2) I needn't feel guilty for participating in events over which I never had any control, and it is never a good idea to assume that I was a willing participant even when it seems I was one. The abuse was severely damaging, but at the time, parts of the abuse actually fulfilled needs for love, support, and physical contact even when those things were only lies used by the abuser to gain control over me. I cannot feel guilty for needing to be loved, needing to be supported, or needing physical contact. That is simply part of the human condition that the abuser twisted to get what they wanted. So, love children in a positive way and show them that they are valued, or other adults for that matter.

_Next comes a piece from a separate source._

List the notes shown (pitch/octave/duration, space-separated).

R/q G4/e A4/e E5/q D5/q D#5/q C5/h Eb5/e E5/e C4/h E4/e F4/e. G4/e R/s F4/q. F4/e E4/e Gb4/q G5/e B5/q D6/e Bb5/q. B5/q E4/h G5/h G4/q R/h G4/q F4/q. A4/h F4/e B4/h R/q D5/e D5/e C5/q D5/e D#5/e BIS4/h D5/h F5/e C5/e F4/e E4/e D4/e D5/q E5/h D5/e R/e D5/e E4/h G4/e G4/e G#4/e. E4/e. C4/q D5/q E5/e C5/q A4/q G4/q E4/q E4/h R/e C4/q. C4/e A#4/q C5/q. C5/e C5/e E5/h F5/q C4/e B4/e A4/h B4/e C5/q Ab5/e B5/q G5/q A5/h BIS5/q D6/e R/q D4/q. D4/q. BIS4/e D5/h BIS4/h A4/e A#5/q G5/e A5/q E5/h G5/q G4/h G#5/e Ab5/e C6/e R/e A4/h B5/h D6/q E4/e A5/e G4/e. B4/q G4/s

3) The effects of the abuse still linger and will probably always do so. As a developing child, I was taught the world is bad, people will hurt you if given the chance, love is a lie used to control you, people want you for your body, your body is a commodity that can be used to get what you need or want, feelings have no value, and pain can be swallowed without consequence. These miscues, or bad lessons, are chiseled into the stone without my mind, and it may take a lifetime to undo them. The fact I felt this way does not make me a freak or someone to be feared or despised, as all things can be unlearned and replaced with good thoughts and good lessons. This takes time. Right or wrong, all stimuli from the world outside me is processed through filters that contain the lessons that were once imprinted there. That is not my fault either. I have the propensity to love, to trust, to share, to feel, and to find beauty in the world. Don't ever try to judge me for where I've been or my history without walking a mile in my shoes. You might find it harder than you think, begin to question you own definition of normal, and your definition of strength.
Well, I didn't realize I had all that in me, but I can be longwinded. Oh well. I hope it doesn't sound too stand-offish, but maybe that is just where I am right now.